## What you will do
Write out, exactly and in full, the line where "Yaesu FT-450D Technical" appears together with all lines that follow it in the entries below. Do not include pictures.

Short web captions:
=== Begin Enclosure ===
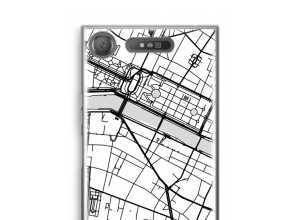 Zet een stadskaart op je  Sony Xperia XZ1 hoesje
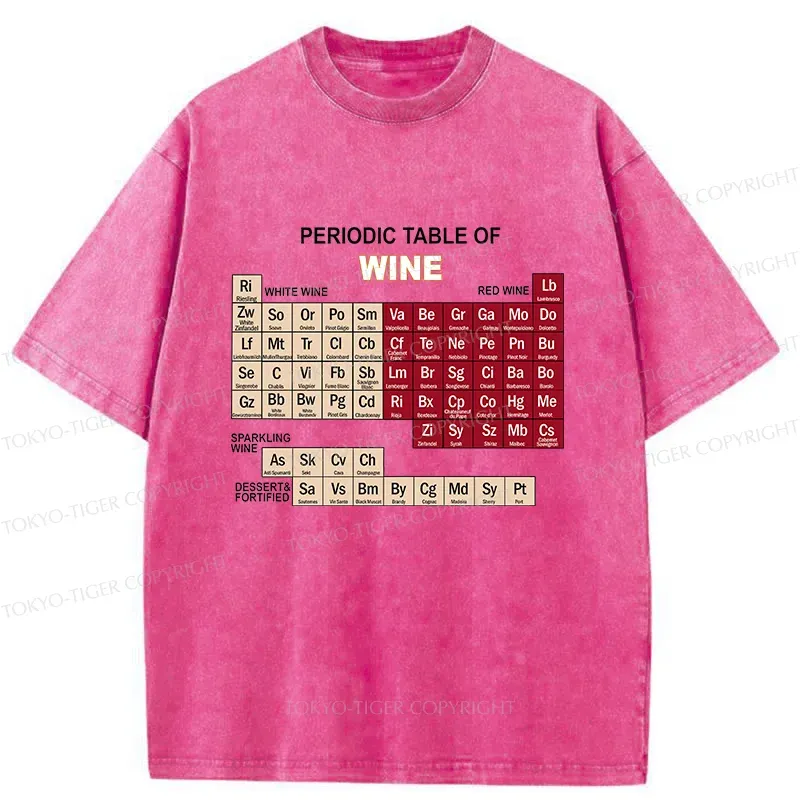 Tokyo-Tiger Table of Elements of Wine Washed T-Shirt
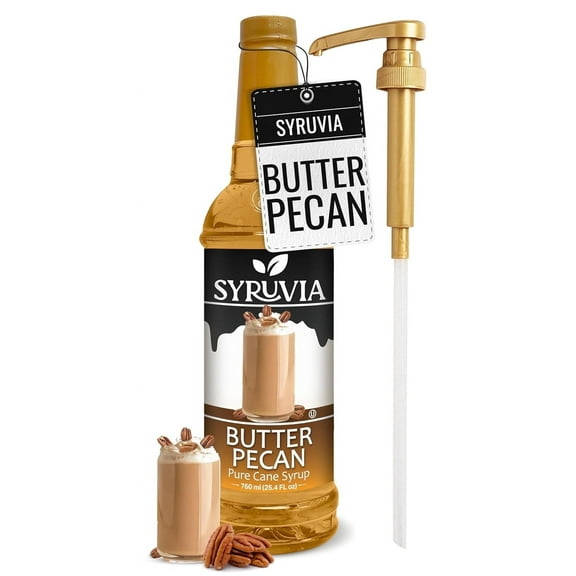 Syruvia Butter Pecan Pure Cane Syrup, 25.4 fl Oz With Pump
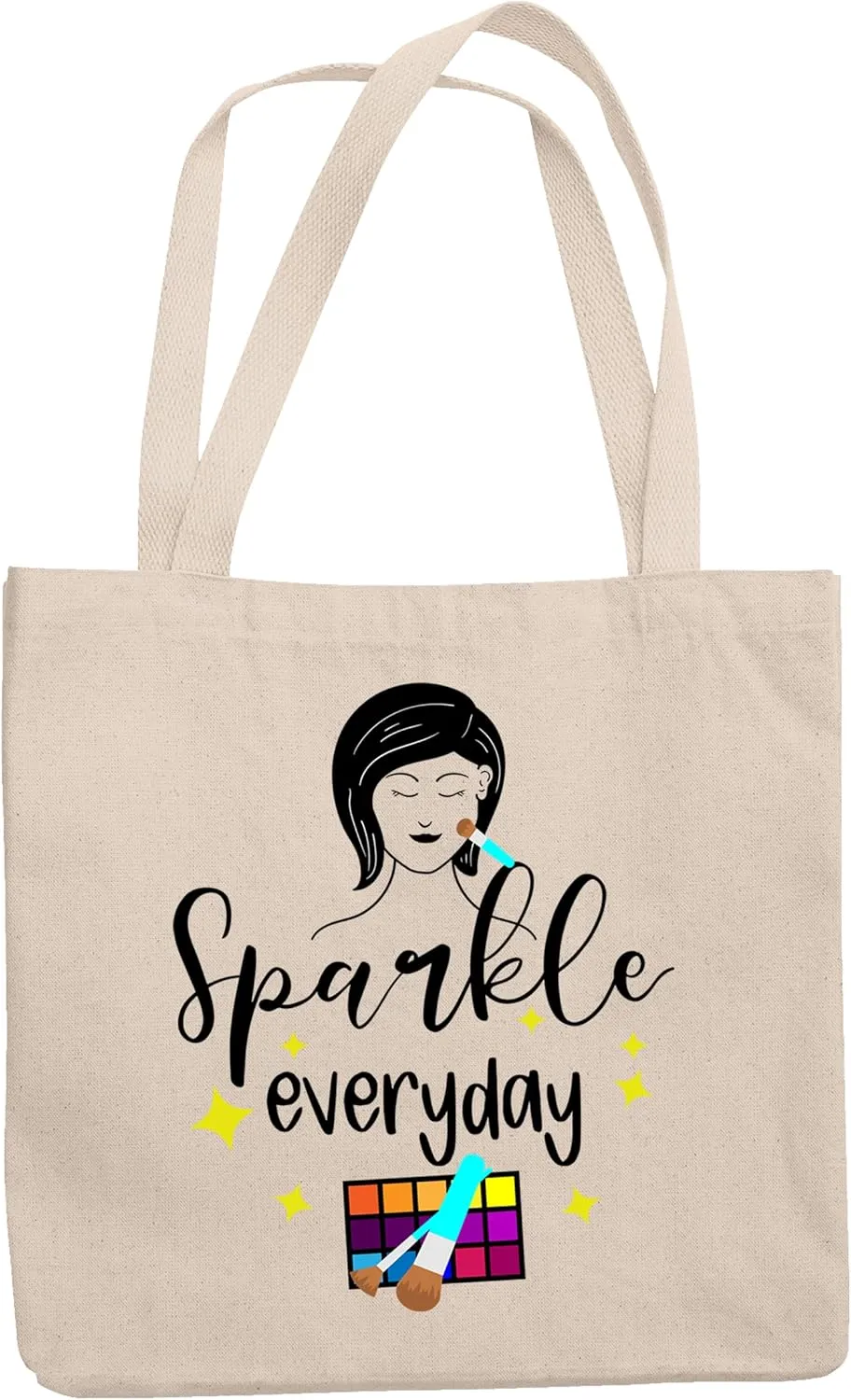 12oz Canvas Tote Bag - Sparkle Everyday with Eyeshadow Palette, Brushes & Woman Design - Beauty Themed Merch for Makeup Artist or Cosmetologist, Gift for Makeup Lovers & Beauticians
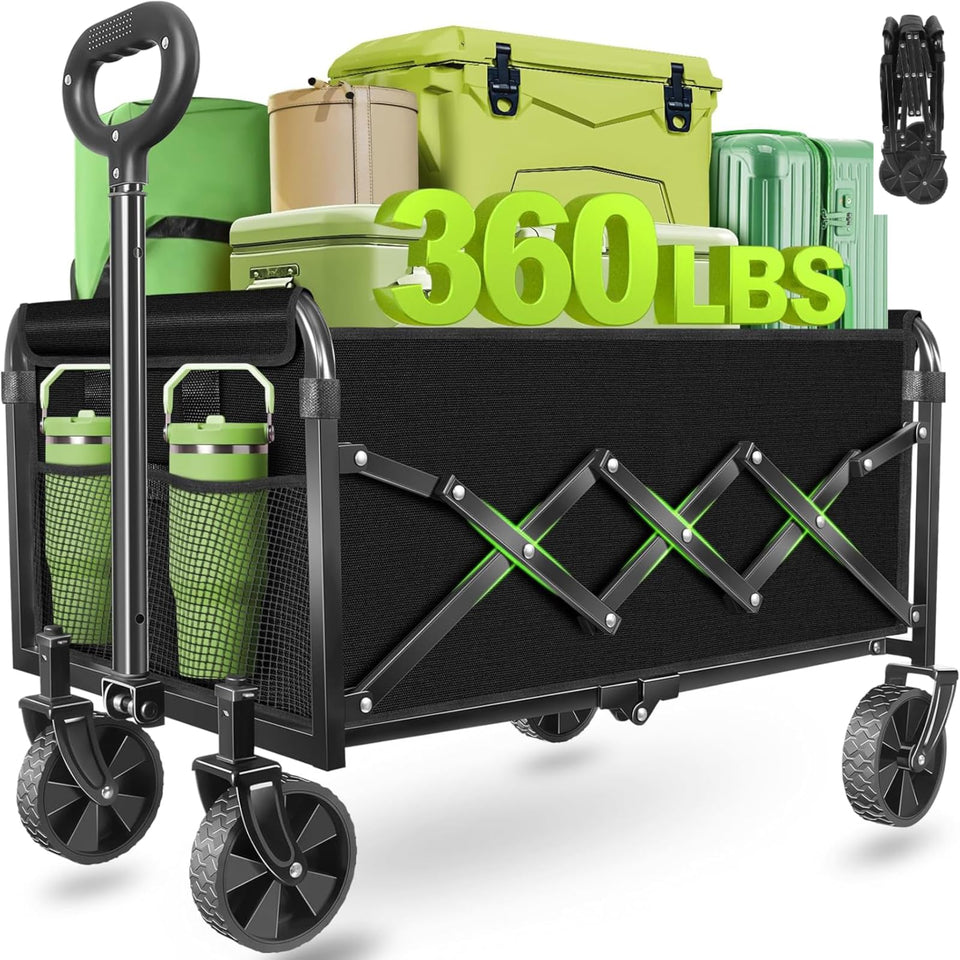 Micieitie foldable wagon frame close-up reveals rugged steel and durable fabric for lasting outdoor use.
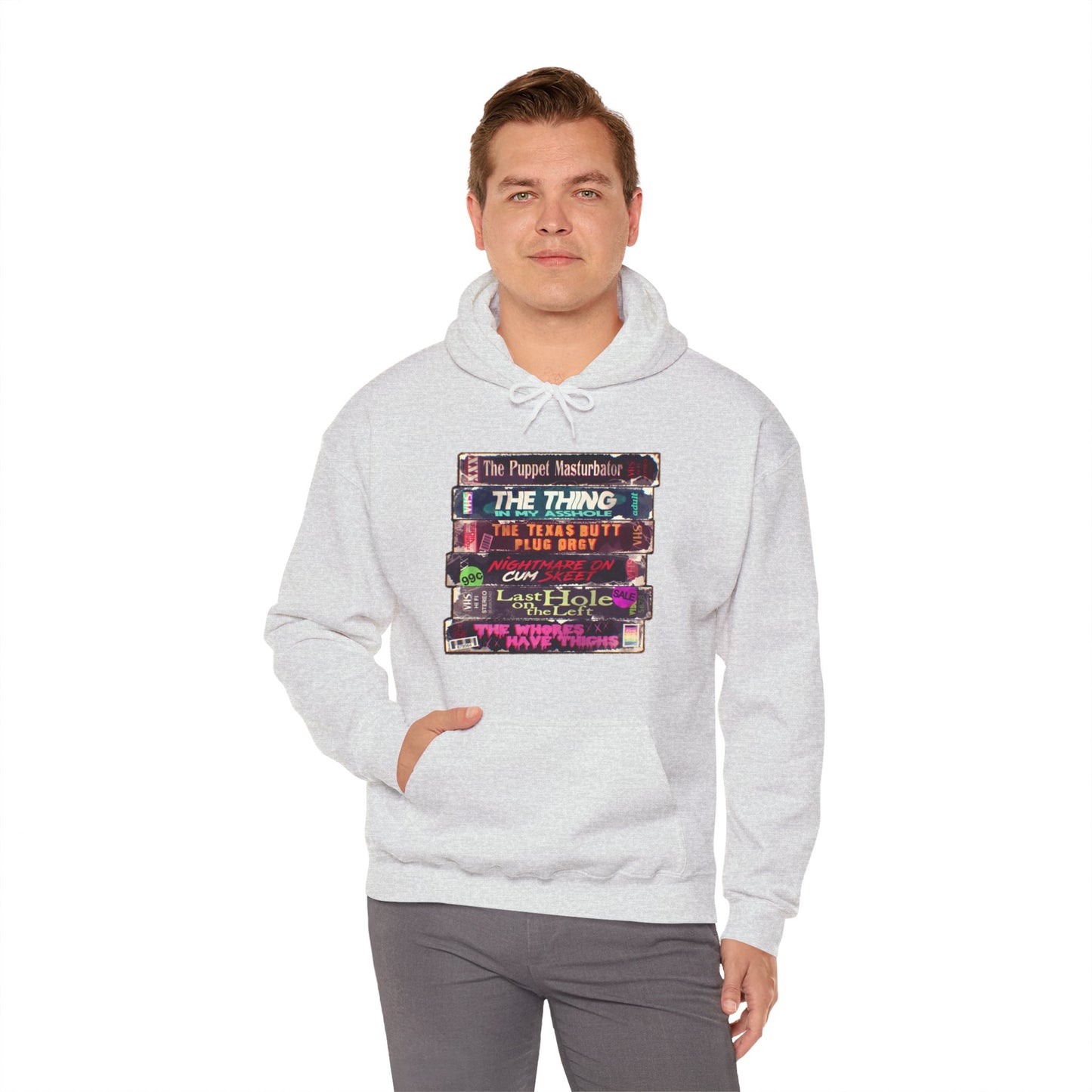 Adult Horror VHS Unisex Heavy Blend Hooded Sweatshirt
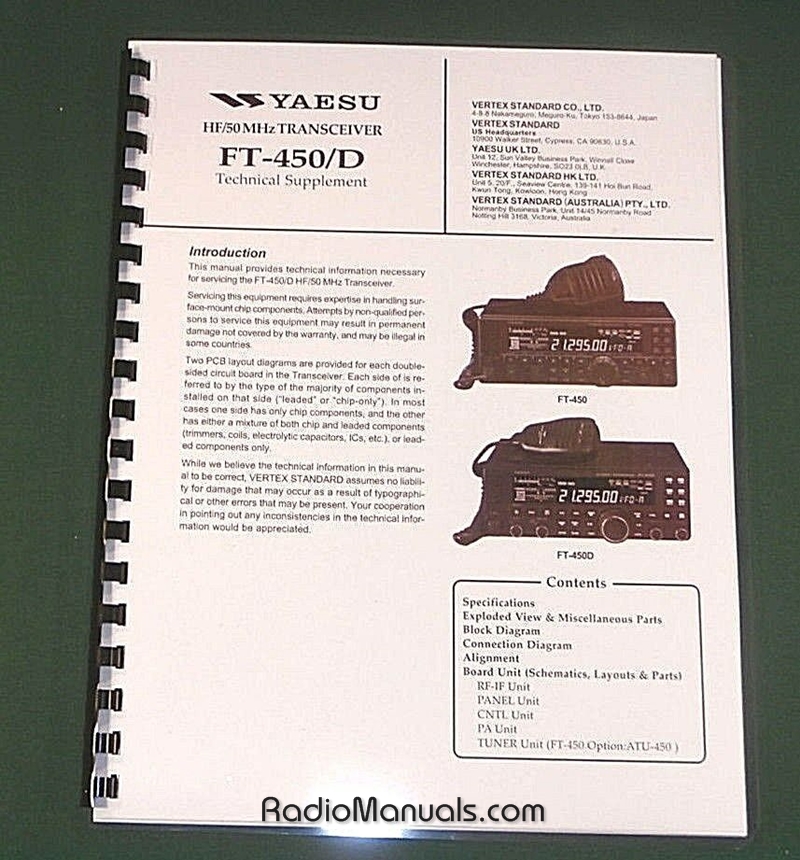 Yaesu FT-450D Technical Supplement - Click Image to Close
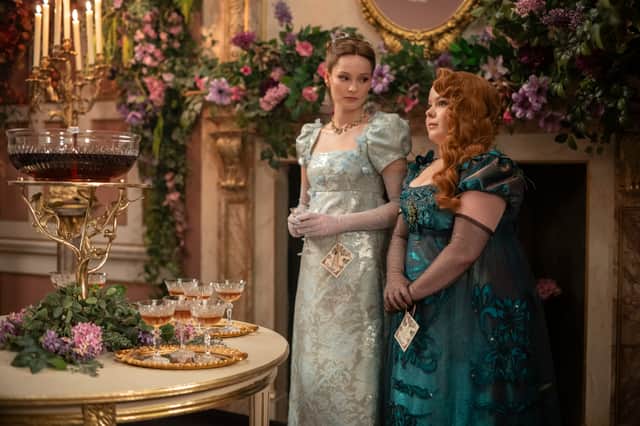 Hannah Dodds, left, plays Francesca Bridgerton in season three of Netflix's hit series. 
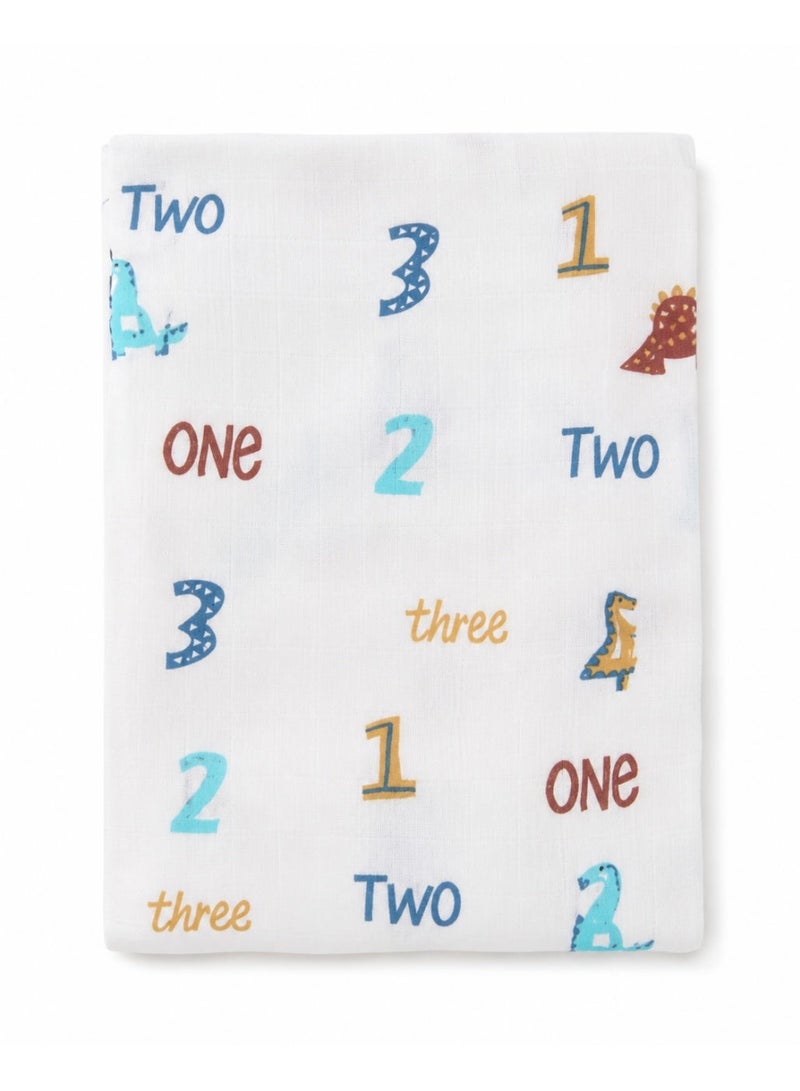 Pack of 3 - Baby Muslin Swaddle Blanket - Soft Cotton Breathable Wrap Multicolor Multi Print - White (100x100 cm) - Image 2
=== End Enclosure ===
## Response
 Yaesu FT-450D Technical Supplement - Click Image to Close
 Hannah Dodds, left, plays Francesca Bridgerton in season three of Netflix's hit series. 
 Pack of 3 - Baby Muslin Swaddle Blanket - Soft Cotton Breathable Wrap Multicolor Multi Print - White (100x100 cm) - Image 2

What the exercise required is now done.